Tuesday, January 20, 2009

2010 MINI E

Here in the United States, the Mini Cooper comes with a 1.6-liter gasoline engine or the turbocharged 1.6-liter engine in the Cooper S and John Cooper Works versions. In markets outside the U.S., Mini offers a version with a tiny 1.4-liter gasoline engine as well as a version with a diesel engine.

All that is about to change with the introduction of the Mini E, E for electric. It's the first all-electric production car offered to the American buying public by a major manufacturer, beating the rest to the market.

However, it isn't going to be widely available to the public for some time yet. The fast-charging all-electric Mini E is initially only going to be built in a batch of 500 cars, 250 for greater Los Angeles, and 250 for greater New York, so that the company can do a proper job of charging equipment installation and keeping up good communications between the users and the company over time. All of the Mini E cars will be built in Munich, rather than the main plant in Oxford, England.
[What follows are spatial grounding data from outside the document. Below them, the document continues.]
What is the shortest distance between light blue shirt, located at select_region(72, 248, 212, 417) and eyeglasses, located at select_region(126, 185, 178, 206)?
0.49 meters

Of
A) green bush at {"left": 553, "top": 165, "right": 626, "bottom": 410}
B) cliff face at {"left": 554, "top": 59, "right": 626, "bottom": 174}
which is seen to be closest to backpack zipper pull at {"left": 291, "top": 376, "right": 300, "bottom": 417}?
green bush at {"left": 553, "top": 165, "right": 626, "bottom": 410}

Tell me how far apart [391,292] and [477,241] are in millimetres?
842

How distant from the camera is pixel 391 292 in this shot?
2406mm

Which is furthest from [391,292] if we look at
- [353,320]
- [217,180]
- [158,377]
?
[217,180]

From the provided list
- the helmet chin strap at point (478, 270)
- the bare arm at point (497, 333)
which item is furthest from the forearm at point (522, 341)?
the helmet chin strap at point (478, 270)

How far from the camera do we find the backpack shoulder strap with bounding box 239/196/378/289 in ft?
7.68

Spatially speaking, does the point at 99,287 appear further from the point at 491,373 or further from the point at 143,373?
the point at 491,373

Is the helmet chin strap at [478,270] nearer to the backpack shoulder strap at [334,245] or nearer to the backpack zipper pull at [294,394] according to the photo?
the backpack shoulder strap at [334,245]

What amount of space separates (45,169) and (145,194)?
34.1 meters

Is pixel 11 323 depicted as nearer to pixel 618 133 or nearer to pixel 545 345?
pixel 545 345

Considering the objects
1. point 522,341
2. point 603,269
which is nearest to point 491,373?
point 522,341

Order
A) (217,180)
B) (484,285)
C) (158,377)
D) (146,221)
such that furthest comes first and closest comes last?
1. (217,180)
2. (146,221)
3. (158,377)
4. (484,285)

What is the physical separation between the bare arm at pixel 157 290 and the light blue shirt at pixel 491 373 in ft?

We say "users" rather than owners because the company will not actually sell the Mini E. Each of the 500 units will be leased to customers, along with the special charging equipment it will require, for a hefty lease payment of $850 a month, about $500 a month more than a conventional Mini lease price, for a 12-month lease, not subject to renewal. Customers will be selected from interested parties living in New York and Los Angeles who have registered on the Mini website. Interested? Read on.

BMW and Mini officials have said that the all-electric Mini E will come with insurance, road service and a free replacement vehicle baked into the monthly lease price. Each car will come with a special wall-mounted 240-volt, 50-amp charging unit that can bring the 570-pound, 35 kilowatt-hour battery in the Mini E up to full charge in about two hours, depending on the type of electric service available at the house, condo or apartment. If the customer uses a charging system away from home, using a typical 110-volt outlet for charging, a full charge may take up to 24 hours, say BMW and Mini officials.
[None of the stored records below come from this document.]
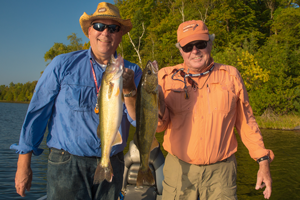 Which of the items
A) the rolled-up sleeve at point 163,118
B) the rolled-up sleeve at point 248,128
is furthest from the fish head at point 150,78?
the rolled-up sleeve at point 248,128

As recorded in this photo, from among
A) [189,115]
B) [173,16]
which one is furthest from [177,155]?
[173,16]

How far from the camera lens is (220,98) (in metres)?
2.96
Initially, the Mini E will be offered only in the Mini sedan body style, no Clubman or convertible models. The American-made AC Propulsion system uses 5088 lithium-ion cells in the space normally filled by the rear seats. The 201 horsepower electric motor, which makes 143 foot-pounds of torque, the power control electronics, and the inverter, which turns DC current into AC and back again are under the hood.
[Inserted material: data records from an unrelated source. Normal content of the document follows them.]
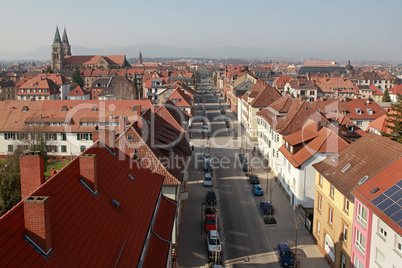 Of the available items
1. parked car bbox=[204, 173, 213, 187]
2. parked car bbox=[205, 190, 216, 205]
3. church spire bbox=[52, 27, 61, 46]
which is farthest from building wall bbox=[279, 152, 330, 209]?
church spire bbox=[52, 27, 61, 46]

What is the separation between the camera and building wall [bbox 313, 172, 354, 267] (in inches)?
774

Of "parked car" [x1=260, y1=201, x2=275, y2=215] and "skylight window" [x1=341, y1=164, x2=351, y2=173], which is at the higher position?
"skylight window" [x1=341, y1=164, x2=351, y2=173]

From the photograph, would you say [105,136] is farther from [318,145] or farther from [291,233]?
[318,145]

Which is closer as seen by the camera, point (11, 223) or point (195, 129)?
point (11, 223)

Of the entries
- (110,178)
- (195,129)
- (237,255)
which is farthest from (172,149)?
(195,129)

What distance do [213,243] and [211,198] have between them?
7496 millimetres

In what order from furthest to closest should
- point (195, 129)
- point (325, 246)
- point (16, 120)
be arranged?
point (195, 129), point (16, 120), point (325, 246)

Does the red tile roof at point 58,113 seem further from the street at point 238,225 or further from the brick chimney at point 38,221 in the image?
the brick chimney at point 38,221

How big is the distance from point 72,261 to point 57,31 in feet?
508

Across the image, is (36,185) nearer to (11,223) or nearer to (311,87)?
(11,223)

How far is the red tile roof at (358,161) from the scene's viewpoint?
63.0ft

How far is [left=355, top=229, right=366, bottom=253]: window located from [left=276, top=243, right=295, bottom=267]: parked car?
4300 millimetres

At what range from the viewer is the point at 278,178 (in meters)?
35.7

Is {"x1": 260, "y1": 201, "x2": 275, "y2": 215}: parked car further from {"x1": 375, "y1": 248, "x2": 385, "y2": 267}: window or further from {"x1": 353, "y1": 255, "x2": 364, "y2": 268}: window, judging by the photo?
{"x1": 375, "y1": 248, "x2": 385, "y2": 267}: window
BMW says a fully charged Mini E has a driving range of about 160 miles, well within the round-trip commuting range of many American drivers. Top speed is said to be governed to 95 mph and 0-60 acceleration is electronically limited to about eight seconds, to preserve battery power. Regenerative braking charges the battery every time the brakes are applied.

The Mini E dashboard has a battery-charge meter in place of the tachometer and a power meter in the speedometer. There is no conventional transmission in the car, because the torque provided by the electric motor is sufficient without multiplication through a transmission, but there is a conventional reverse-neutral-drive shifter on the floor. The air conditioning system is electric, and all the standard Mini chassis systems, electronic traction and stability control, are included. The 600-pound-heavier Mini E uses a modified Cooper S suspension to cope with the extra weight.
Deliveries to customers should start in the spring of 2009.